Background Significant transformations of the health care system for children have occurred over the past two decades, including verification of children’s surgery centers and the decreasing exposure of general surgeons to pediatric surgical care. The impact and burden of these changes on children and their families is unclear especially for children living in rural environments. Methods Children (0-18) undergoing the seven most common pediatric surgeries (Figure 1) were identified using State Inpatient Databases (SID,2002-2017). Rural-Urban Commuting Area (RUCA) codes were used to classify patient and hospital zip codes as Rural (RUCA 4-10) or Urban (RUCA 1-3). Trends in demographics, hospital type, distance traveled, and need for transfer were compared for patient residence and type of procedure. Multivariable regression models for distance traveled >60 miles and transfer status were used to compare urban and rural populations, adjusting for year, age, sex, race, and insurance status.

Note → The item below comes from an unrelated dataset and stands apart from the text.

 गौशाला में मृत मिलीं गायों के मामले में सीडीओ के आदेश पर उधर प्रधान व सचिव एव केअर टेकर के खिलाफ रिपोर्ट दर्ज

Results Among 143,467 children, 13% lived in rural zip codes. No differences were seen by age or gender, but rural patients were more likely to be White (74% vs. 53%) and have Medicaid (47% vs. 39%). The distance traveled increased for both rural and urban children for all procedures between 2002 and 2017. For the rural cohort, distance increased 102% for cholecystectomy, 88% for appendectomy, and 58% for inguinal hernia (Figure 1). For the urban cohort, however, these increases were only 30%, 23%, and 17%, respectively (p<.001). Transfers also increased in greater numbers for rural children: In 2002, 1% of rural and urban children were transferred for appendectomy, and by 2017, 23% of rural and 13% of urban children were transferred for appendectomy (p<.001). Factors associated with the need to travel >60 miles to reach definitive care included year (adjusted odds ratio [aOR] 2.18 [1,94, 2.46] 2017 vs. 2002), rural residence (aOR 6.55 [6.11, 7.01]), age less than 5 (aOR 2.17 [1.92, 2.46]) and having Medicaid insurance (aOR 1.35 [1.26, 1.45]). Similarly, factors associated with transfer for care included year (aOR 5.77 [5.26, 6.33] 2017 vs. 2002), rural residence (aOR 1.47 [1.39, 1.56]), age less than 10 (aOR 2.34 [2.15, 2.54]), and Medicaid insurance (aOR 1.49 [1.42, 1.46]). In addition, between 2002 and 2017 the number of rural hospitals performing pediatric operations decreased. For example, for appendectomies from 228 (2002) to 150 (2017). Conclusions Over the past two decades, rural children, younger age and those on Medicaid disproportionately travelled greater distances and are more frequently transferred for common pediatric surgical procedures compared to children living in urban environments. These findings may have policy implications for decreasing travel burden and costs for families in rural areas. Furthermore, the impact of care delays and increased travel distance on outcomes needs to be assessed for rural children.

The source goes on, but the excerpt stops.